Former IBM chairman Lou Gerstner began the day by using his 10-year tenure at the company as a case study of how the right approach to leadership can lead to positive business change. He said there are three fundamentals to ensuring effective change management--focus, execution, and leadership--and they were the three principles he relied on to bring IBM back from a then-record $8.1 billion loss prior to his arrival in 1993.
On the issue of focus, Gerstner said it's important for business leaders to be selective and committed in the businesses they pursue, and one of the most common causes of mediocrity occurs when companies don't focus. "Many companies try to decide their future in another business," Gerstner told the crowd of approximately 4,500 business executives at Radio City Music Hall. "They don't want the tough battle of resurrecting their base businesses" when trouble hits.
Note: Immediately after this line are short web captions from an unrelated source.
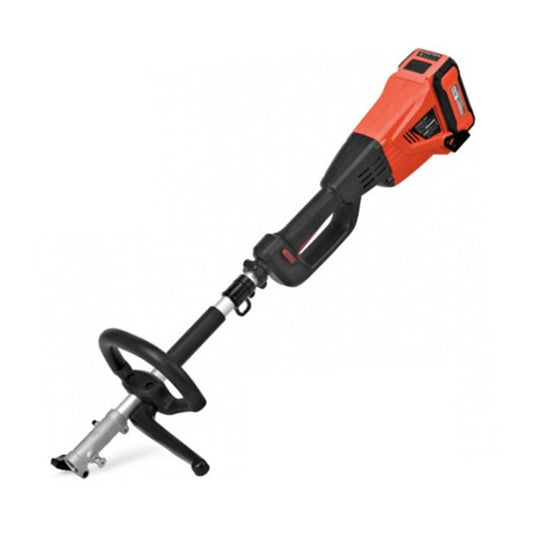 Baza pentru unealta multifunctionala 6 in 1 pe acumulator ( fara acumulator si incarcator), Hecht 1441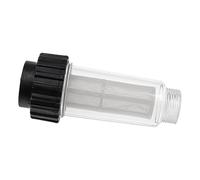 vhbw Filtro antisporco sostituisce Kärcher 5.731-0500, 5.731-050 per idropulitrice ad alta pressione con attacco acqua 3/4” AG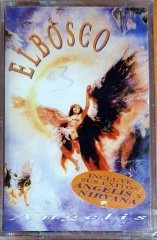 ELBOSCO - ANGELIS (1996) - KASET KENT SIFIR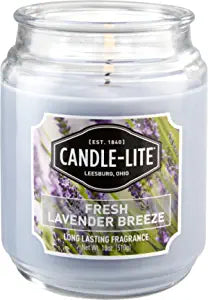 FRESH LAVENDER BREEZE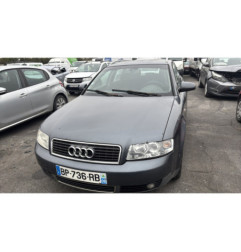 Interrupteur de leve vitre avant gauche AUDI A4 2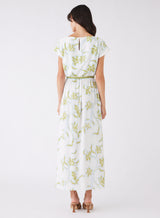 Tranquility Dress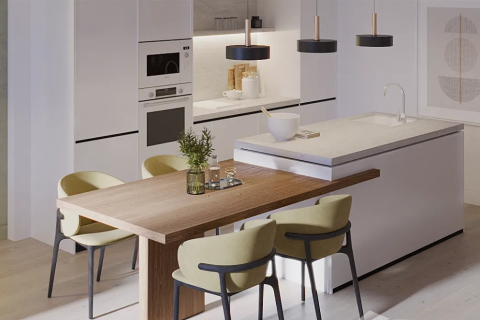 Студия в Пхукет, Таиланд № 150478 - фото 8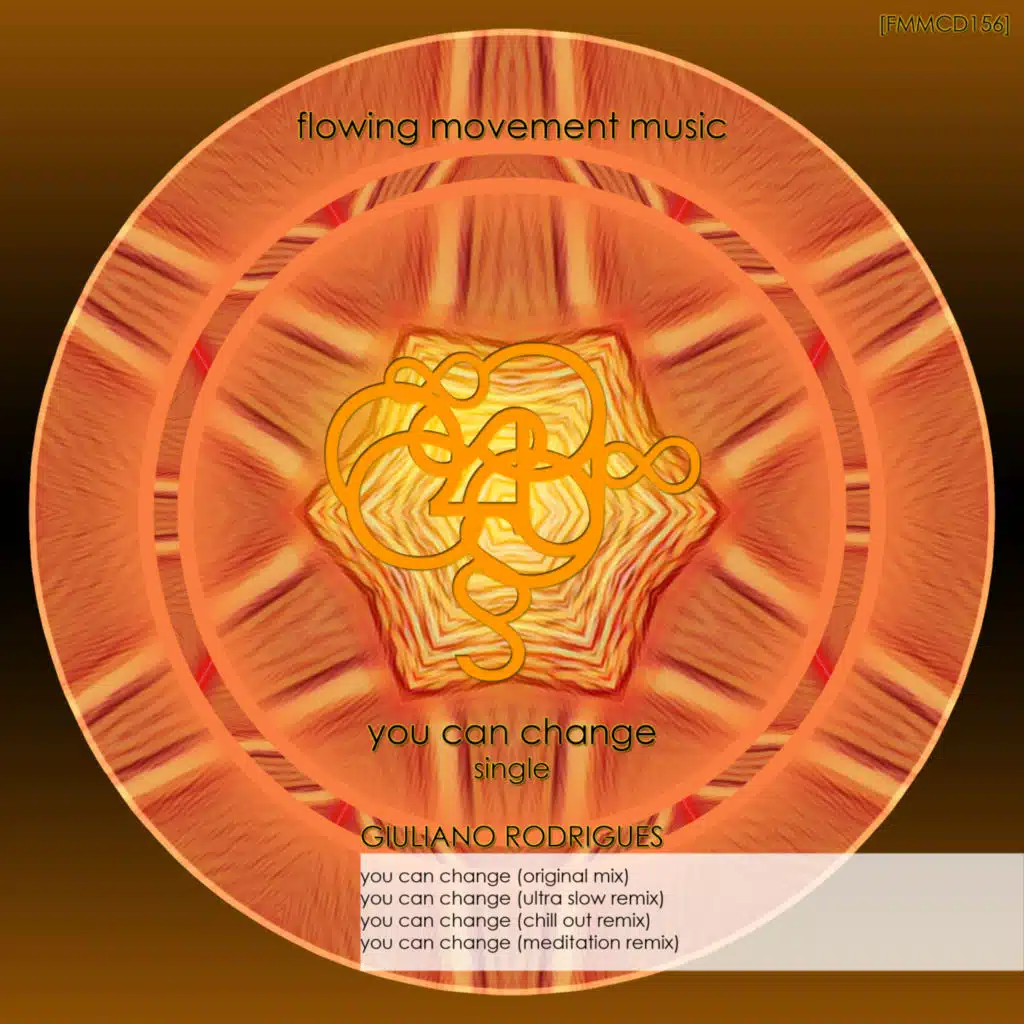 You Can Change (Ultra Slow Mix)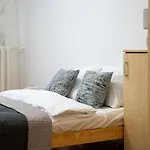 Polna Apartment - Balcony, Workspace, Top Location - By Rentujemy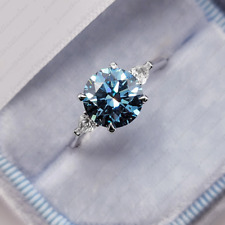 Blue round pear for sale  ALDERSHOT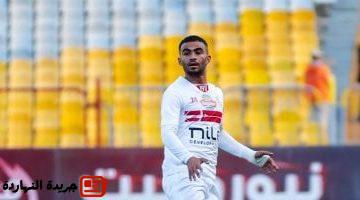 حسام الزمالك لن يقف على زيزو وعبد الله السعيد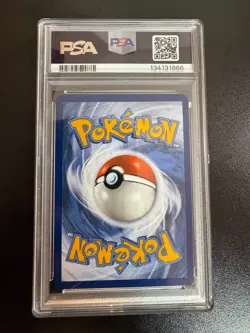 PSA Mint 9 Pokemon Charmander #044 Obsidian Flames EN 2023 SVP ETB! - Image 2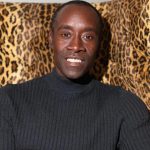 Don Cheadle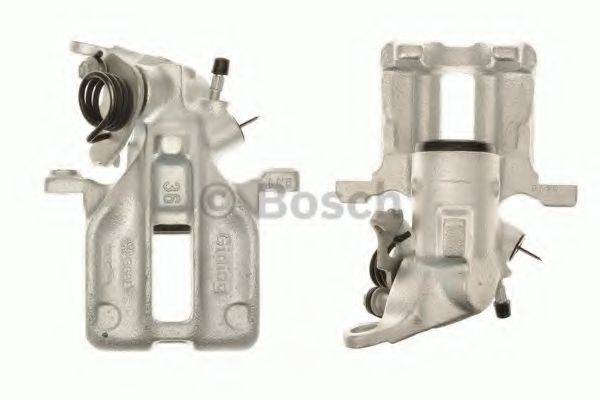 BOSCH 0986474240 Гальмівний супорт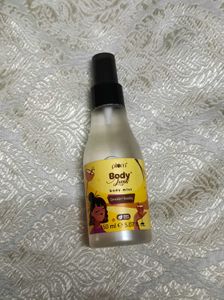 Plum BodyLovin' Smokin' Vanilla Body Mist
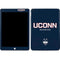 University of Connecticut Huskies UConn Apple iPad Skin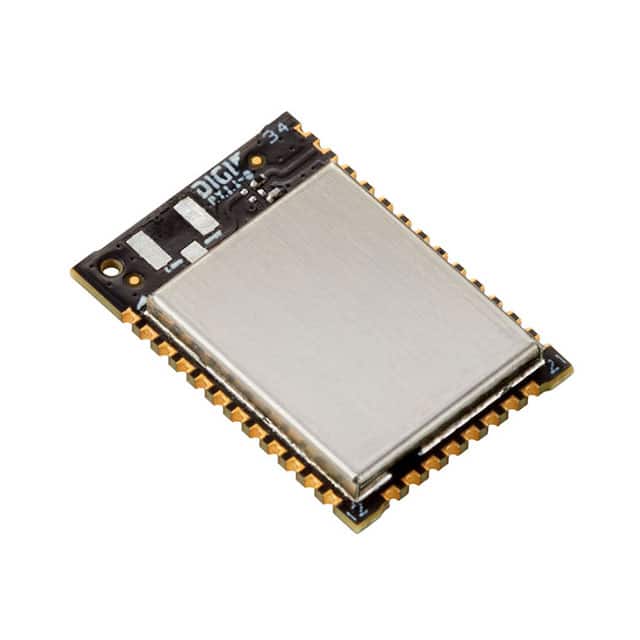 Digi XBRR-24Z8RM | Chipmall.com electronics components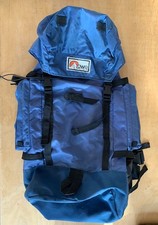 Lowe Alpine Contour Mountain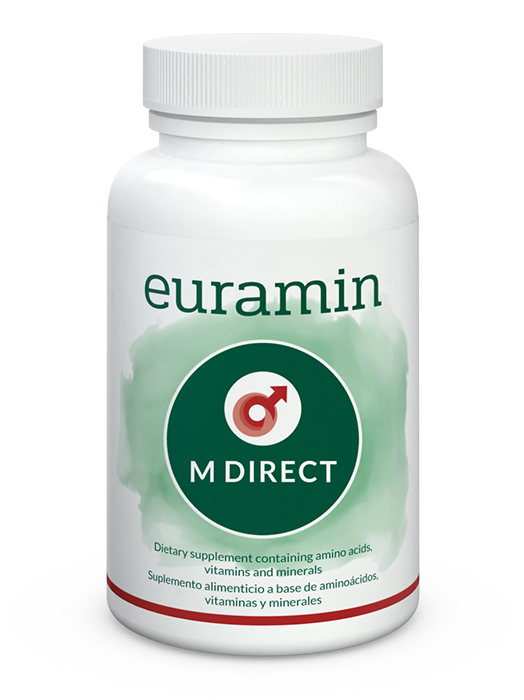 euramin M DIRECT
Regarding execution, he said, all good companies have at least one thing in common, so they must learn to learn to out-execute the competition.
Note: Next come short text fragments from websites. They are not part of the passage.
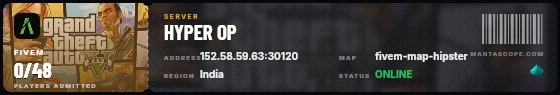 Ticket badge preview
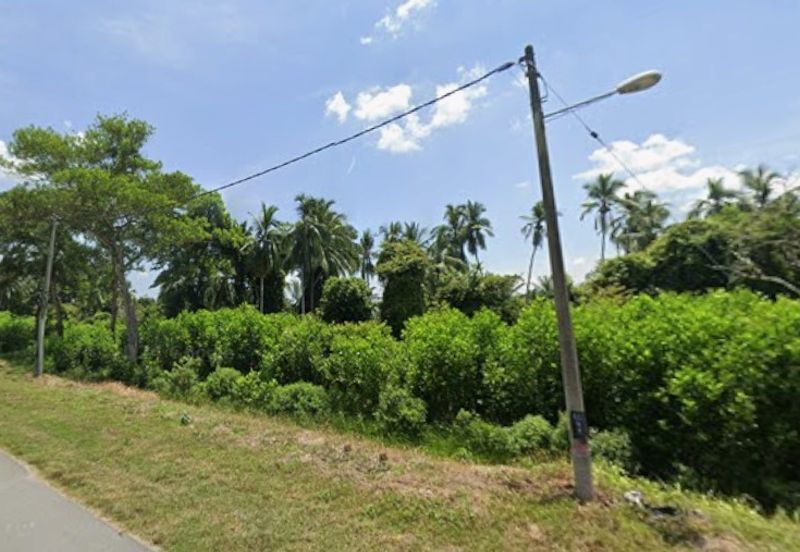 Setiawan Ulu Kayan Industrial Land 25 acres For Sale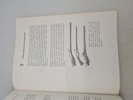 The history and development of small arms ammunition
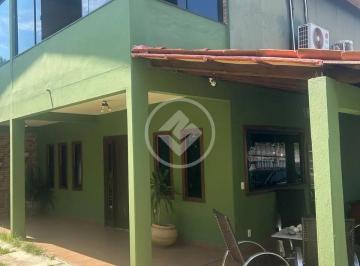 Casa · 353m² · 5 Quartos · 3 Vagas · Venda Sobrado  de 353m2 com 5 quartos sendo uma suíte no valor de R$  1.000.000,00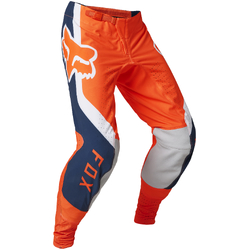 Fox Flexair Efekt Pant - Fluro Orange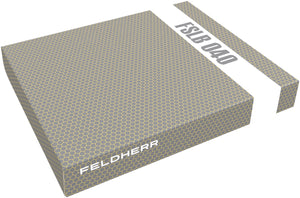 Feldherr Storage Box FSLB040 for miniatures in scale 1:72 (20 mm)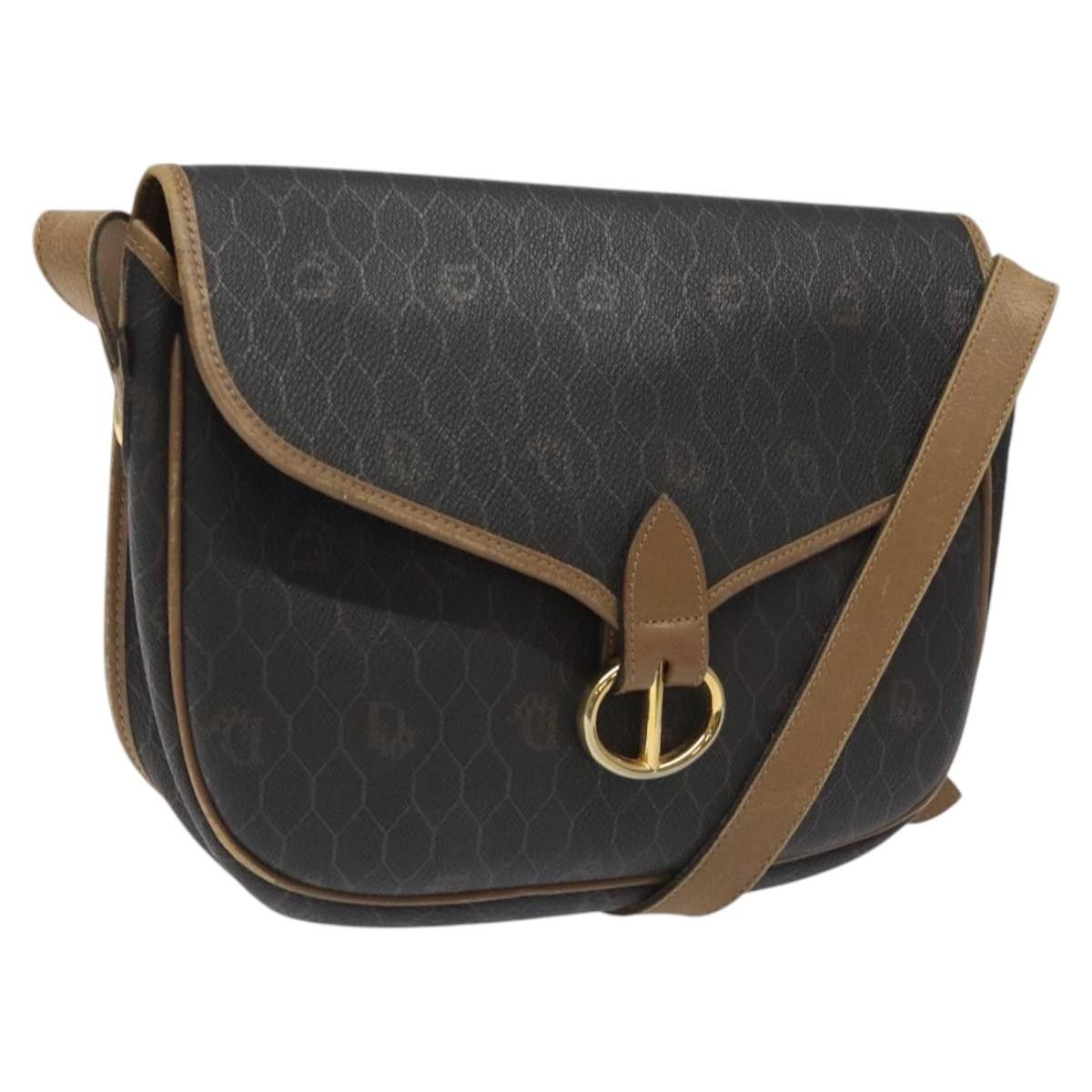 Dior Dior Honeycomb shoulder Size ONE SIZE - 18 Thumbnail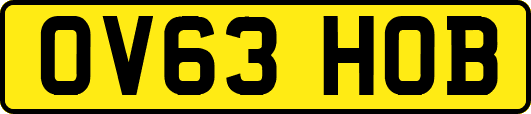 OV63HOB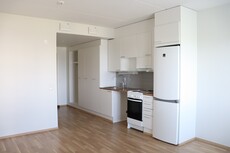 Mannisenrinne 9 A, Palokka, Jyväskylä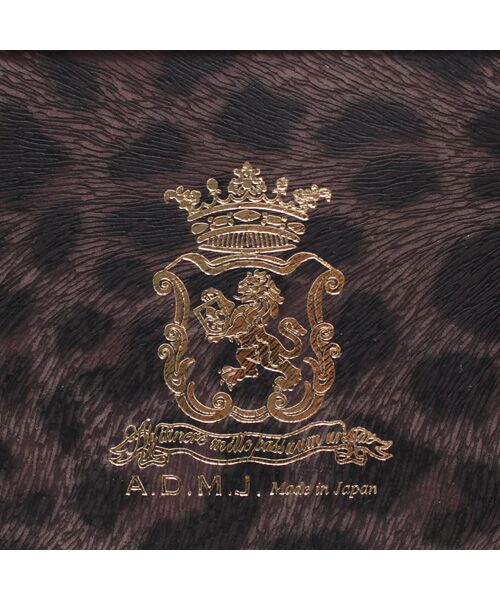 Accesoires De Mademoiselle / アクセソワ・ドゥ・マドモワゼル トートバッグ | フィバナイラ/スワロ付ヘリ巻きベルトトート28cm(Dカン+) | 詳細12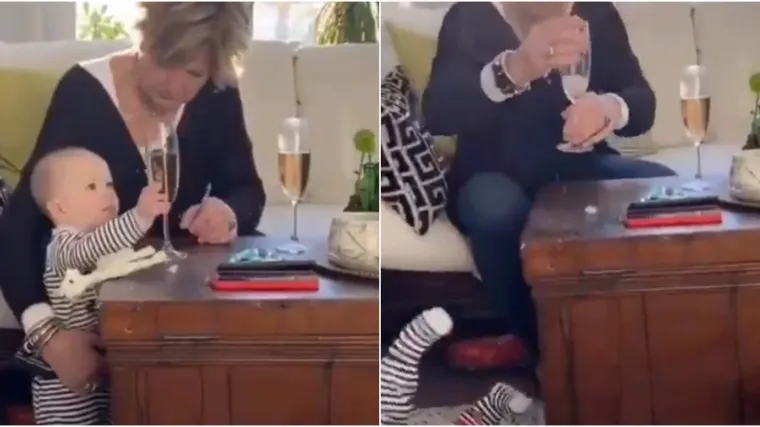 Ići ćemo u pakao jer se smijemo ovome, ali zaista je urnebesno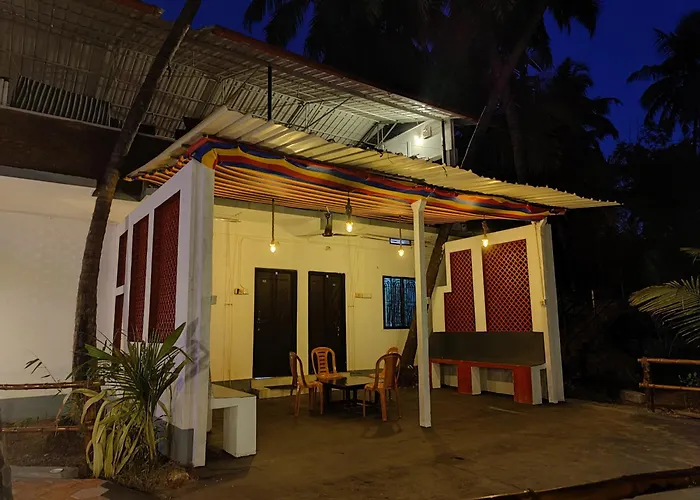 Artkarna Hotel Gokarna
Gerstner called the third point, leadership, "the most underrated practice of institutional transformation," adding that "the best leaders create high-performance cultures, become change agents, and are all about visibility."
Gerstner acknowledged that focus, execution, and leadership aren't new. But he said the difference lies in how the business leader communicates those concepts and follows through on them.
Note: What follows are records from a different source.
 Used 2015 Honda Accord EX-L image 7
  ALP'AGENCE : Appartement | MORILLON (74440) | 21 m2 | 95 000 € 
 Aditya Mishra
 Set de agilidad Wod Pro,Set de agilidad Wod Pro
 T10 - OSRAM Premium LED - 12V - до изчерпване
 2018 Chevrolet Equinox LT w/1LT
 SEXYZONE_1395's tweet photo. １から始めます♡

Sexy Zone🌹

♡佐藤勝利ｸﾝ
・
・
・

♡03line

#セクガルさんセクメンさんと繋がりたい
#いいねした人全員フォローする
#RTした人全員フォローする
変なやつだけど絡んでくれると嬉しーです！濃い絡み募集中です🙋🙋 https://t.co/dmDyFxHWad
Consultant Michael Porter then took the stage to discuss strategy, which he said "has lost its meaning" among many business and tech leaders. Too many companies confuse strategy with goals or operational excellence, he said, and instead of focusing on being the best at something, companies should focus instead on being unique and creating a strategy around that.
"If you just implement business practices, you're always chasing," he said. "The more companies try to out-implement each other on best practices, the more of a chance over time that it will force companies to merge and look more alike."
Porter provided five tests of a sound business strategy: a unique value proposition compared with the competition; a different-tailored value change; a clear trade-off in choosing what not to do; activities that fit together and reinforce each other; and continuity.
On the fifth point, Gerstner and Porter appeared to disagree: While Gerstner recommended reinvention, Porter said he believes that reinvention and constant shifts "are costly."
In a lunchtime panel, Unisys Corp. chief operating officer Joe McGrath said that for companies to bring Gerstner's and Porter's comments together, they need to link strategy and IT execution. Said McGrath, "The IT department has to move as fast as the information changes."